*** DATA SECTION

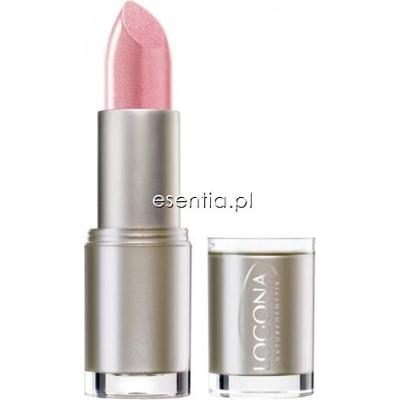 LOGONA Dekorativ Kosmetik Pomadka do ust 
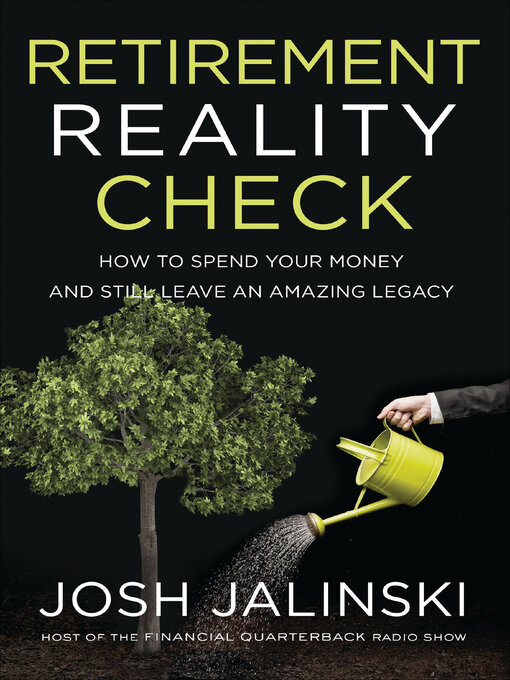 Title details for Retirement Reality Check by Josh Jalinski - Available
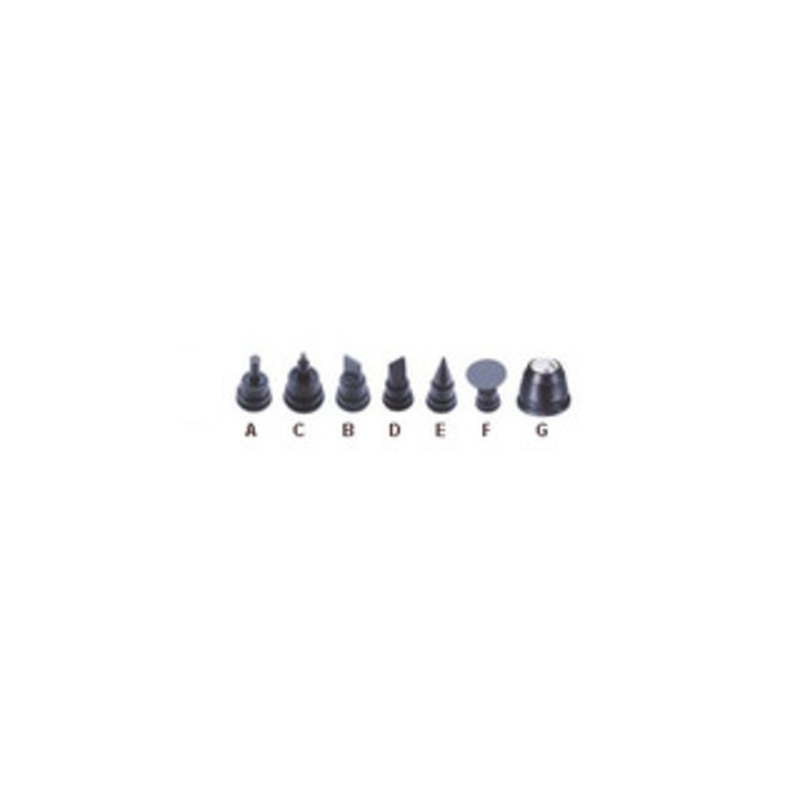 1 PAIR SIZE #8 22MIL SOL-VE – GLOVES – 790948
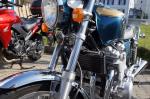 Honda CB 1100 EX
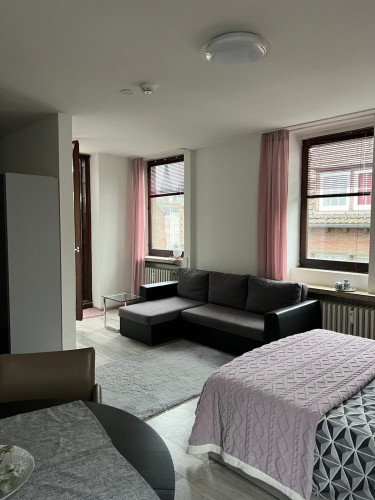 Modern & perfect suite (Aachen) - Gallery - 21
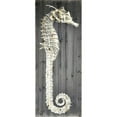 thumbnail image 1 of Arte De Legno - Seahorse A, 1 of 1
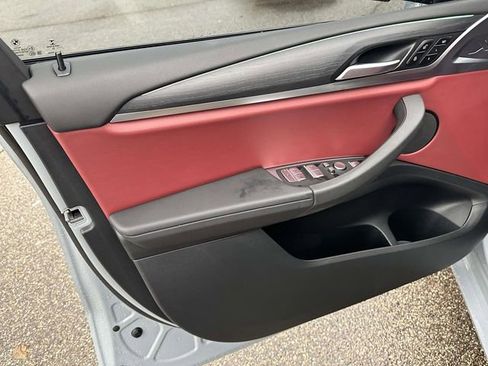 Certified 2022 BMW X3 xDrive30i w/ M Sport Package 2 image 25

******

§ WORK ORDER: Print the listing again exactly, please. Keep the pictures out of it.

§ WRITTEN REPLY:
 LOGONA Dekorativ Kosmetik Pomadka do ust 
 Title details for Retirement Reality Check by Josh Jalinski - Available
 1 PAIR SIZE #8 22MIL SOL-VE – GLOVES – 790948
 Honda CB 1100 EX
 Modern & perfect suite (Aachen) - Gallery - 21
 thumbnail image 1 of Arte De Legno - Seahorse A, 1 of 1
 Certified 2022 BMW X3 xDrive30i w/ M Sport Package 2 image 25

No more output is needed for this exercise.